══ Stored data ══

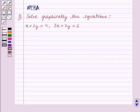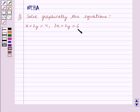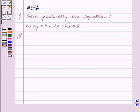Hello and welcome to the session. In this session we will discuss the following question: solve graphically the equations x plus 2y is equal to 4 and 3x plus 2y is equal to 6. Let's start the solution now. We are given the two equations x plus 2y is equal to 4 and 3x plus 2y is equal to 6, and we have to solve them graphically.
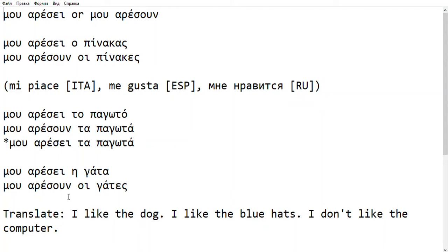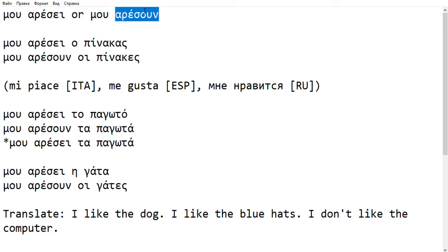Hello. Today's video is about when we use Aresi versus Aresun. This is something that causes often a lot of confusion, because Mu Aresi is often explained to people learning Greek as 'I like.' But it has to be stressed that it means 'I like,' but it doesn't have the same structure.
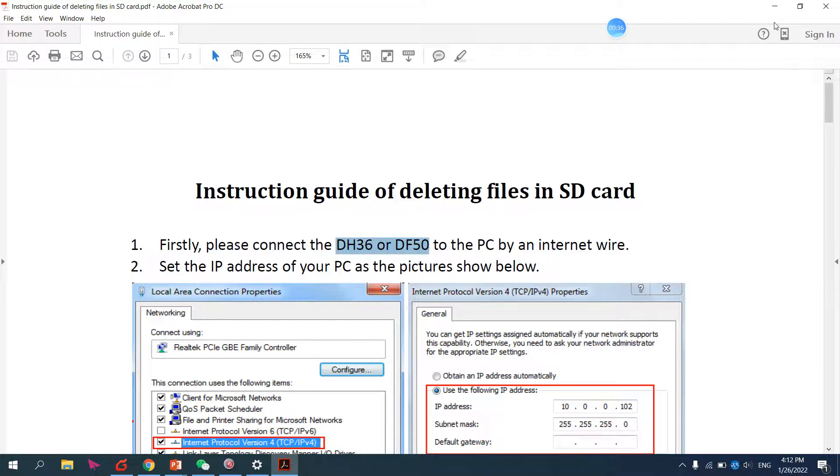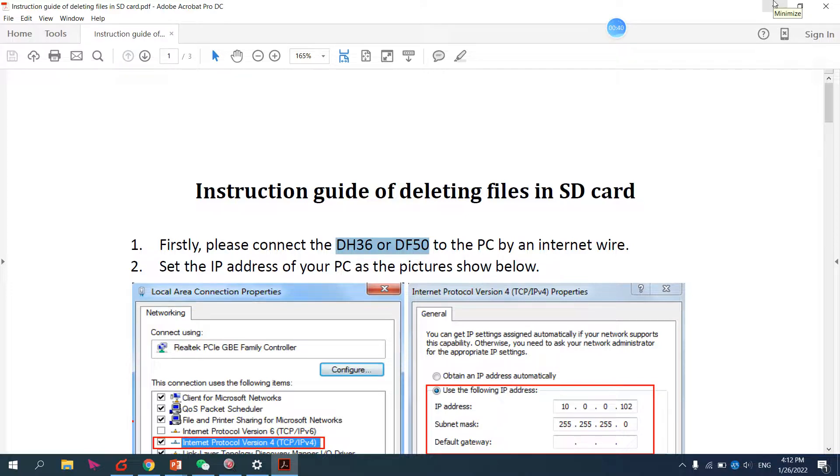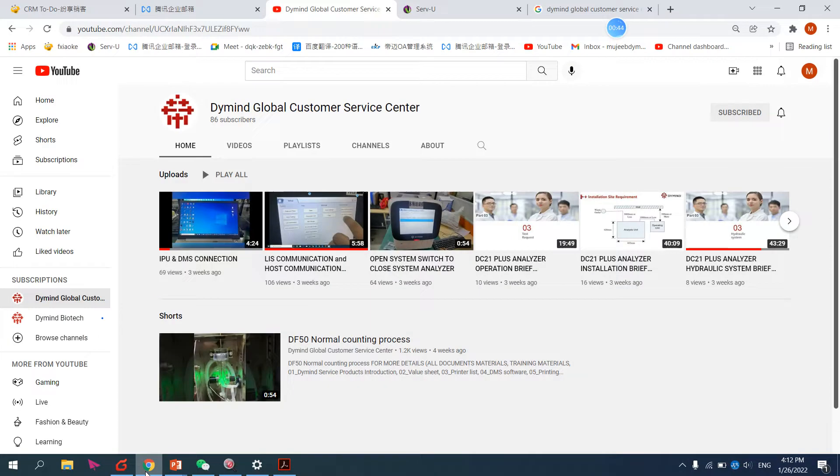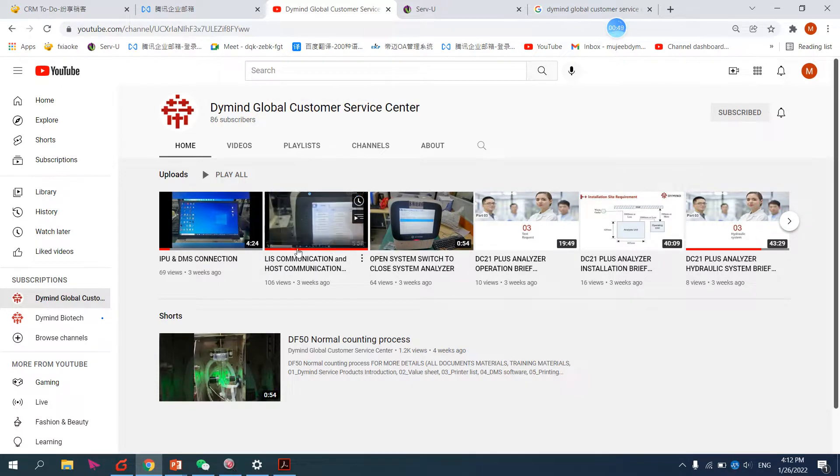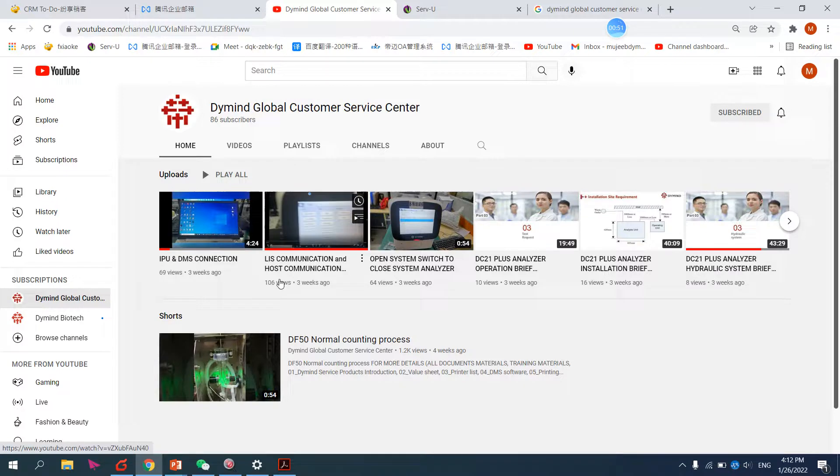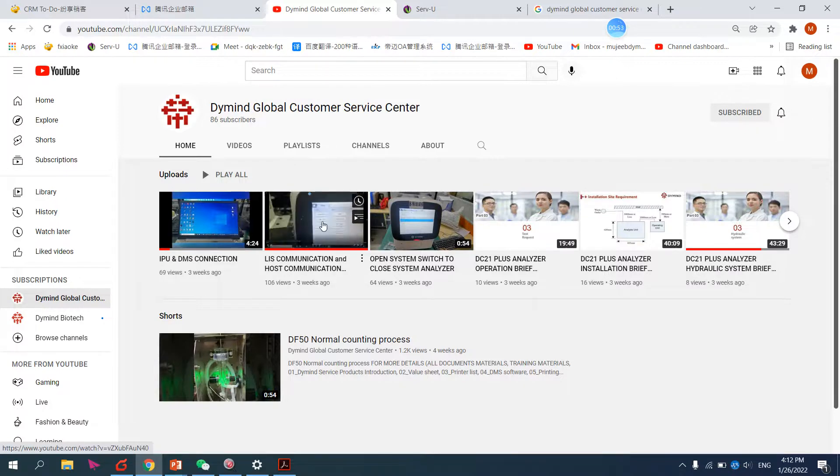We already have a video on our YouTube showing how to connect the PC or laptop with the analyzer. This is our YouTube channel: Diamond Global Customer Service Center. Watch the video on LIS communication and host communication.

═══

§ Task requirements:
Word for word, print the material above, but without its pictures.

§ Your solution:
Hello and welcome to the session. In this session we will discuss the following question: solve graphically the equations x plus 2y is equal to 4 and 3x plus 2y is equal to 6. Let's start the solution now. We are given the two equations x plus 2y is equal to 4 and 3x plus 2y is equal to 6, and we have to solve them graphically.
Hello. Today's video is about when we use Aresi versus Aresun. This is something that causes often a lot of confusion, because Mu Aresi is often explained to people learning Greek as 'I like.' But it has to be stressed that it means 'I like,' but it doesn't have the same structure.
We already have a video on our YouTube showing how to connect the PC or laptop with the analyzer. This is our YouTube channel: Diamond Global Customer Service Center. Watch the video on LIS communication and host communication.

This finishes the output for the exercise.